Paul and Gilli Lipscombe’s story began in 2005 when they resigned from their jobs in London, did a vintage in Languedoc, and then headed to Margaret River to study oenology and viticulture. While combining study and work, their goal was to learn as much as possible about Pinot Noir and Chardonnay. They gained experience working in large, small, biodynamic, conventional, minimum and maximum intervention vineyards and wineries including Woodlands, Xanadu, Beaux Freres, Chehalem and Mt. Difficulty. Four years later, after experiences in the Margaret River, France, Oregon and New Zealand, they decided it was time to dive into their own project.
In 2010 Paul and Gilli traveled to Huon Valley, Australia’s Southernmost municipality and coolest wine region. Besides having the two most awarded vineyards in Tasmania (Elsewhere and Home Hill), the industry had barely scratched the surface of the myriad of microclimates within the valley. They stumbled upon a dilapidated 6.5ha vineyard planted in 2005. Opportunity beckoned. It had a northeast-facing slope, which was sheltered from the prevailing cold, and planted with six different clones of Pinot.

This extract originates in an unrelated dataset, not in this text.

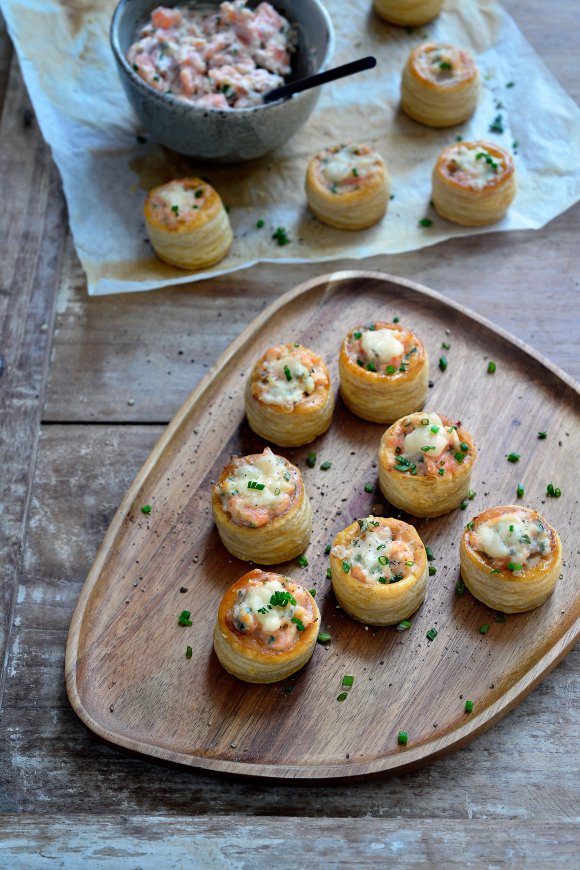 Mini-videetjes met gerookte zalm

Perfect, right? Not quite. Half of the vines were dead; blackberries were crowded around and about 100 trees littered the vineyard. However, it was right on the edge of viticultural possibility. They found a diamond-in-the-rough with tons of potential for beautiful expressions of Pinot Noir and Chardonnay. Their risk paid off – their first release of the 2013 Sailor Seeks Horse Pinot Noir was released, albeit not a commercial volume in the least. In the meantime, and still to this day, the pair manage viticulture at the highly regarded Chatto vineyard in nearby Glaziers Bay.

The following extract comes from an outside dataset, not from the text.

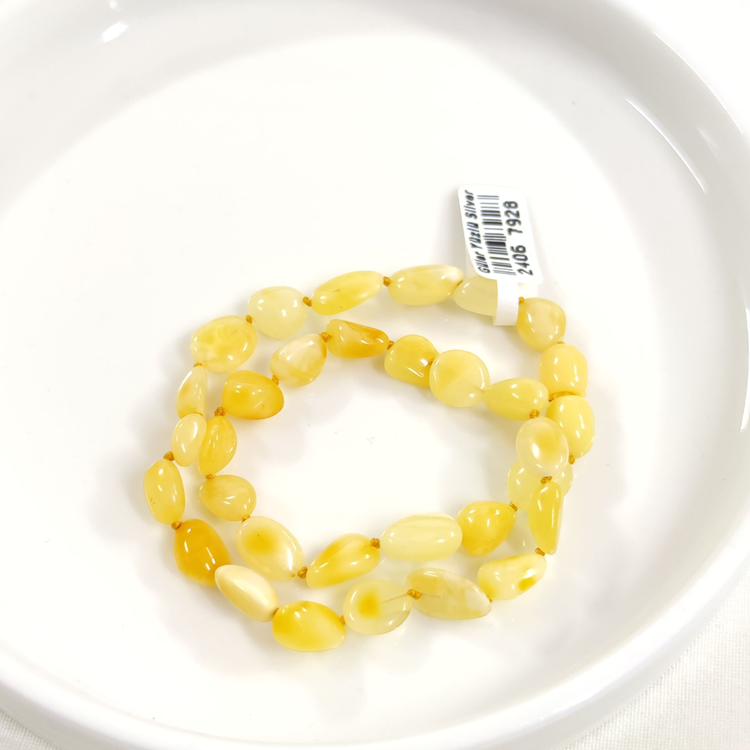 KEHRİBAR DOĞAL TAŞ BEBEK KOLYESİ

The pair named their own label, Sailor Seeks Horse, after a hand-written advertisement in a local café in nearby Cygnet, which was requesting use of a horse or other beast of burden to carry a US traveler across the Apple Isle – a ready metaphor, it seems, for the couple’s hard slog to their goal. Now producing both a chardonnay and pinot noir, the wines are elegant expressions, light on new oak and with binding natural acidity. You won’t find any additions here, but for sulfur, and the wines are explicitly built to transfer something of site, of place.